Assume its an ideal nozzle (100% throttling device). The all of the energy for that particular stage will be converted to kinetic through the pressure drop accross the nozzle only. This assumes 100% impulse bucket with no reaction along the length (small bucket heights). So in this case, the pressure on the entrance side of the nozzle will be higher than the exit edge of the nozzle. Assume no energy is lost and enthalpy is maintained (you havnt extracted any useful work yet). So a decent approximation is that the pressure between the bucket and nozzle is the same as the exhaust pressure just after the blade, meaning the pressure is the same before and after the bucket. . You can use like a .97 factor to adjust pressure to get a better approximation, but i doubt your in the realm of this accuracy anyways.

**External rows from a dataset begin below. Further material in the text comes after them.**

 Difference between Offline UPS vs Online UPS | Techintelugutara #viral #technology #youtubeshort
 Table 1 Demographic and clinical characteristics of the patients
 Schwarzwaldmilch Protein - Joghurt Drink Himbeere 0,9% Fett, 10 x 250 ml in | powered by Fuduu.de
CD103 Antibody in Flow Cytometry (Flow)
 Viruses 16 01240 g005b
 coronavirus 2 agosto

## RE: Steam state (p,T) between nozzle and impulse turbine wheel

Yes, I have figured this part out that the pressure is the same after the nozzle and after the bucket (afterall, this is the theory behind impulse turbine) but currently I am looking for the pressure before the labyrinth. I used my magical MS Paint skills to draw a picture.

Yellow is the Curtis wheel, green is the nozzle, red is the spot I am interested in. If I assume v = 0 in that spot, should I have similar pressure as p

_{2}(which is same as p_{1})?So question in more simple form is, should I approximate the pressure in red spot to be same as it, or p

_{0}- pressure loss from p_{1}to red due to high velocity? Or just assume that about all velocity is converted into heat so it would be isenthalpic process between p_{0}and red point, but pressure is same as p_{1}?## RE: Steam state (p,T) between nozzle and impulse turbine wheel

The flow will be determined by P1 / Pleakoff (assuming it goes to some other pressure controlled lined) and the flow coefficient of your packing.

## RE: Steam state (p,T) between nozzle and impulse turbine wheel

Thanks for the advise. What do you mean by Pleakoff?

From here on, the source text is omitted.